## WHAT YOU SHOULD DO
Word for word, transcribe the data below from the line with "单月变现6W+，抖音情感粉引" to the line with "context clues", keeping both of those lines.

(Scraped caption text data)

= = = = =

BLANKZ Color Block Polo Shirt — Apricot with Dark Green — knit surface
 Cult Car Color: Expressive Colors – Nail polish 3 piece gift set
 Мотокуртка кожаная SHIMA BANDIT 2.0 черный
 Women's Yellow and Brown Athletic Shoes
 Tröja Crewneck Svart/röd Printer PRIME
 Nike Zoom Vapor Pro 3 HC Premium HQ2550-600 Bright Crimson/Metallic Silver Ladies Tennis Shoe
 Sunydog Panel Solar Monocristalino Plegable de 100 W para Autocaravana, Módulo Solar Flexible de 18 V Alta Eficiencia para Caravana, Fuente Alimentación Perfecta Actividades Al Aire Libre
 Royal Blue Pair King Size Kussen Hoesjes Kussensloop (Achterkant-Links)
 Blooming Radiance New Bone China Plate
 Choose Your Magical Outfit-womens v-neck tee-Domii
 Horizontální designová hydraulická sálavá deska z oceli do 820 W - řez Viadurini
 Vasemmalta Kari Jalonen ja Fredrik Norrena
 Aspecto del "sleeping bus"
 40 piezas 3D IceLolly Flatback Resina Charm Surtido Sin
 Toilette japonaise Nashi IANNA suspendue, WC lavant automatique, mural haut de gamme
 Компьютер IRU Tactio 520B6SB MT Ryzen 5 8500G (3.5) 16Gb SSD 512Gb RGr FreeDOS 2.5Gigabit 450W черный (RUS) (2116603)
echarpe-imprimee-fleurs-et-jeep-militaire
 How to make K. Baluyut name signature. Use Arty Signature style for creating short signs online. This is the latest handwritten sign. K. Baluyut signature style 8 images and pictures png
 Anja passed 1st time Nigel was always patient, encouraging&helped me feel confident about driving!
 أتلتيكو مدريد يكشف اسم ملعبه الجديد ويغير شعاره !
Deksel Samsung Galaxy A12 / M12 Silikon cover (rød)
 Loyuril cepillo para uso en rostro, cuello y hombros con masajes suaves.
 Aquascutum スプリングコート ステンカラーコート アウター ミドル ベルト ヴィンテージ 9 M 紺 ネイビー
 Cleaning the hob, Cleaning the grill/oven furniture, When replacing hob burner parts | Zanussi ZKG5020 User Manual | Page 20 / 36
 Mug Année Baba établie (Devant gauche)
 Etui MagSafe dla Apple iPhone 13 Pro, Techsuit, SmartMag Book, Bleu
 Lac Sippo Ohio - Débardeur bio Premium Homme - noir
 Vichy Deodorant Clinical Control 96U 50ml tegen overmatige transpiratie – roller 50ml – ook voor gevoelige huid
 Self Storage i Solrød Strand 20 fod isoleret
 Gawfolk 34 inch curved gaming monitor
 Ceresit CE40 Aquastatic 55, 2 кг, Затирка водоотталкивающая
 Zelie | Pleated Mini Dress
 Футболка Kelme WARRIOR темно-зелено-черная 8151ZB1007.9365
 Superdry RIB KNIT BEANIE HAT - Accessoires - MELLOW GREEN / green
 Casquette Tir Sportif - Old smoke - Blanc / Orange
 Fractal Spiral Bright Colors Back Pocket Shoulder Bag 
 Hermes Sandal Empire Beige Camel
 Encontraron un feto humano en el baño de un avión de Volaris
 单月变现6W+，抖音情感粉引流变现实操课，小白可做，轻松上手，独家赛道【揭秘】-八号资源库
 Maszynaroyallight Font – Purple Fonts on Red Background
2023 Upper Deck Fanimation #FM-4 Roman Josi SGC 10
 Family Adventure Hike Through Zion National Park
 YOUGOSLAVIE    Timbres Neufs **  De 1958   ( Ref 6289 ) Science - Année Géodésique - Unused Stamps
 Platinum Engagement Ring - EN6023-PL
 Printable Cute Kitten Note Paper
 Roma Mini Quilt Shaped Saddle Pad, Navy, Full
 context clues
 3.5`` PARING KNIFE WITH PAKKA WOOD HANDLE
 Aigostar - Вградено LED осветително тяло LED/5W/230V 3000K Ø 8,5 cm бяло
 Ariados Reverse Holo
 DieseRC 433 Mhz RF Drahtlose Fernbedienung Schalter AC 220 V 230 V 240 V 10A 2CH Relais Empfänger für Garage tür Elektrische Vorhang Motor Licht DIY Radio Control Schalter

= = = = =

## EXERCISE SOLUTION
 单月变现6W+，抖音情感粉引流变现实操课，小白可做，轻松上手，独家赛道【揭秘】-八号资源库
 Maszynaroyallight Font – Purple Fonts on Red Background
2023 Upper Deck Fanimation #FM-4 Roman Josi SGC 10
 Family Adventure Hike Through Zion National Park
 YOUGOSLAVIE    Timbres Neufs **  De 1958   ( Ref 6289 ) Science - Année Géodésique - Unused Stamps
 Platinum Engagement Ring - EN6023-PL
 Printable Cute Kitten Note Paper
 Roma Mini Quilt Shaped Saddle Pad, Navy, Full
 context clues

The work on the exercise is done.